Much is murky about Tamerlan’s life leading up to the deadly attack on Boylston Street. Four years after the blasts, his case, at first blush, seems to be an extreme cautionary tale about the shortcomings of the overbloated war on terror, its divided attentions rendering actual terrorists invisible. But upon closer inspection, a strange picture starts to emerge—one that counterterrorism experts and law enforcement officials have suggested points to Tamerlan having been a federal informant who went rogue.

During Dzhokhar’s trial, his defense attorneys raised provocative questions about the FBI’s mysterious involvement with Tamerlan. Had agents pressured him to be an informant? And if so, did that pressure play a role in the bombings?

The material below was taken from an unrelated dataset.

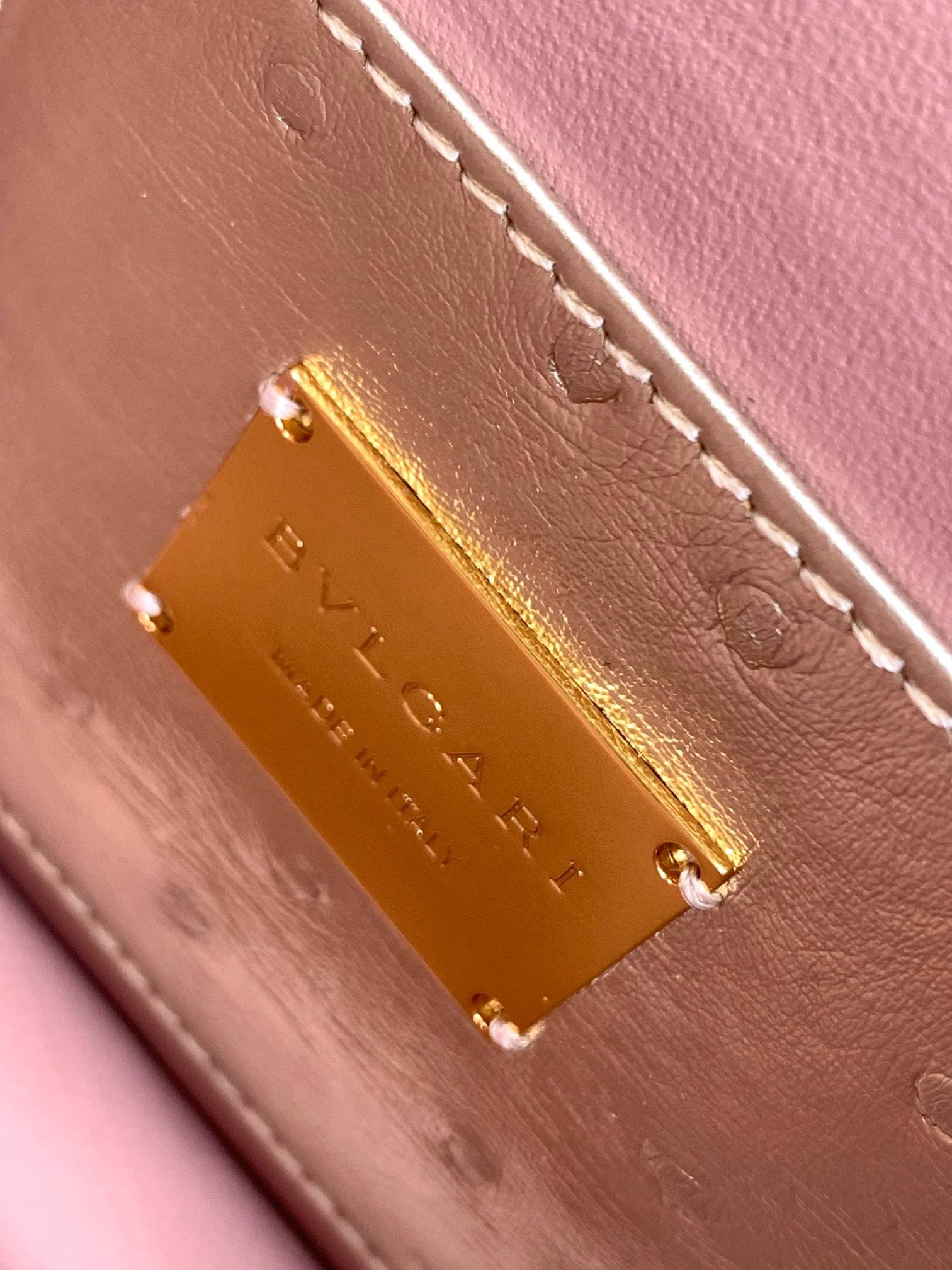 i1715418694_9533_1-1 i1715418694_9533_1-1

Tsarnaev died in 2013 in the manhunt that followed the attack. His brother, Dzhokhar, was sentenced to death in 2015 for his role in the bombings.

McPhee’s work has made its way onto the small screen before. She’s a regular contributor to true-crime TV specials, and her 2010 book A Date with Death inspired the Lifetime TV movie The Craigslist Killer. She is currently consulting on the upcoming Boston-based Showtime crime drama City on a Hill, produced by Ben Affleck and Matt Damon.

The news of the docu-series came on Marathon Monday, the sixth anniversary of the attack and the first time since 2013 that the race had been held on April 15, the date of the bombings.

It also follows news that another local journalist’s treatment of a high-profile case is moving forward. Boston contributors Dave Wedge and Casey Sherman announced last week that a publisher bought the rights to a book they’re writing on the final years of Whitey Bulger, called Misery Mountain.